ZAGREB (Croatia), June 29 (SeeNews) – Croatia's prime minister Andrej Plenkovic said the final ruling of the Permanent Court of Arbitration (PCA) in the Hague on the territorial and maritime dispute between Croatia and Slovenia, due to be delivered on Thursday, will have no affect on the country.
"Whatever the verdict, Croatia will not be bound to it in any way," Plenkovic said during a government session aired live on its website.
He added that Croatian representative will not be in court this afternoon as PCA delivers its findings, after in 2015 the country withdrew from the arbitration due to what it described as "serious violations of the arbitration procedure" on behalf of Slovenia.
On November 4, 2009, the governments of Croatia and Slovenia signed an agreement to submit their territorial and maritime dispute to arbitration, after they were unable to resolve it themselves.
The Tribunal was called upon to determine the course of the maritime and land boundary between Croatia and Slovenia, Slovenia’s junction to the High Sea and the regime for the use of the relevant maritime areas.
The arbitration proceedings began in early 2012.
Croatia withdrew from the arbitration agreement in 2015, following a scandal concerning leaked phone recordings between Slovenia's arbitrator Jernej Sekolec and an official in the country's foreign ministry, Simona Drenik.
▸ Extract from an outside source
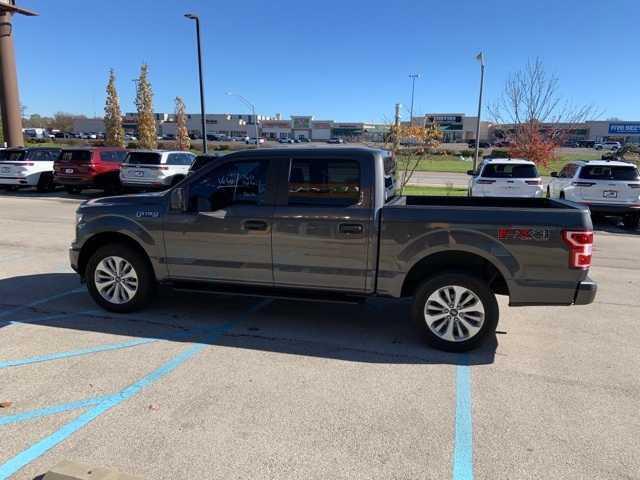 used 2018 Ford F-150 car, priced at $23,538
At the time, Croatia said the trial was compromised and made a recommendation to Slovenia to commence alternative negotiations. Sekolec and Drenik resigned, but Croatia expected the tribunal to dissolve itself, terminating the process. This, however, did not happen.
Although there is no mechanism of coercion for the implementation of PCA's arbitration rulings with parties left to enforce the court's decisions voluntarily, Slovenia is looking for support from the EU to push Croatia to comply, local media have reported.
The European Commission has said it generally supports such arbitration processes due to legal security, but would back a bilateral solution.
The PCA is an independent intergovernmental organisation established by the 1899 Hague Convention on the Pacific Settlement of International Disputes.